Let \(K\) and \(L\) be balanced compact subsets of Banach spaces \(X\) and \(Y\), respectively. Suppose that for every \(m \in \mathbb N\), every \(m\)-homogeneous polynomial on \(X^{\ast\ast}\) is approximable, and similarly for \(Y^{\ast\ast}\). Under these conditions, the authors prove a Banach-Stone type of result, characterizing when the algebras of holomorphic germs \(\mathcal H(K)\) and \(\mathcal H(L)\) are algebra-isomorphic in terms of properties of \(K\) and \(L.\) (Here, by \(P\) being an \(m\)-homogeneous approximable polynomial on a Banach space \(Z\) we mean that \(P\) is in the norm closure of the finite type polynomials on \(Z.\)) The result is given in terms of compact subsets of the bidual, \(K^{\prime\prime}\) and \(L^{\prime\prime}\): For a fixed bounded subset \(A \subset Z\), let \(\hat{A^{\prime\prime}}_{\mathcal P(Z)} :\equiv \{w \in Z^{\ast\ast} \;| \;|\tilde{P} (w)| \leq \sup_{a \in A} |P(a)| \) for all continuous polynomials \(P\) on \( Z\}.\) (Here, \(\tilde P\) is the canonical extension of \(P\) to the bidual \(Z^{\ast\ast}\).)

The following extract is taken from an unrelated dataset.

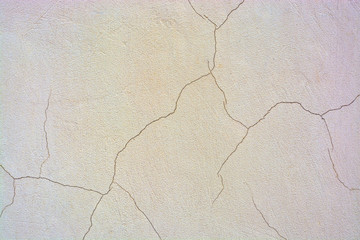 Background concrete wall, traces of weathering, the worn wall damaged paint old paint. Remnants of old paint on the painted concrete surface. A rough surface fracture.Tinted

The main result is the following Theorem: For \(X, Y, K\), and \(L\) satisfying the above hypotheses, the following conditions are equivalent:
(i)
\(\mathcal H(K)\) and \(\mathcal H(L)\) are isomorphic as topological algebras,
(ii)
\(\hat{K^{\prime\prime}}_{\mathcal P(X)}\) and \(\hat{L^{\prime\prime}}_{\mathcal P(Y)}\) are biholomorphically equivalent,
(iii)
\(\mathcal H(\hat{K^{\prime\prime}}_{\mathcal P(X)})\) and \(\mathcal H(\hat{L^{\prime\prime}}_{\mathcal P(Y)})\) are isomorphic as topological algebras.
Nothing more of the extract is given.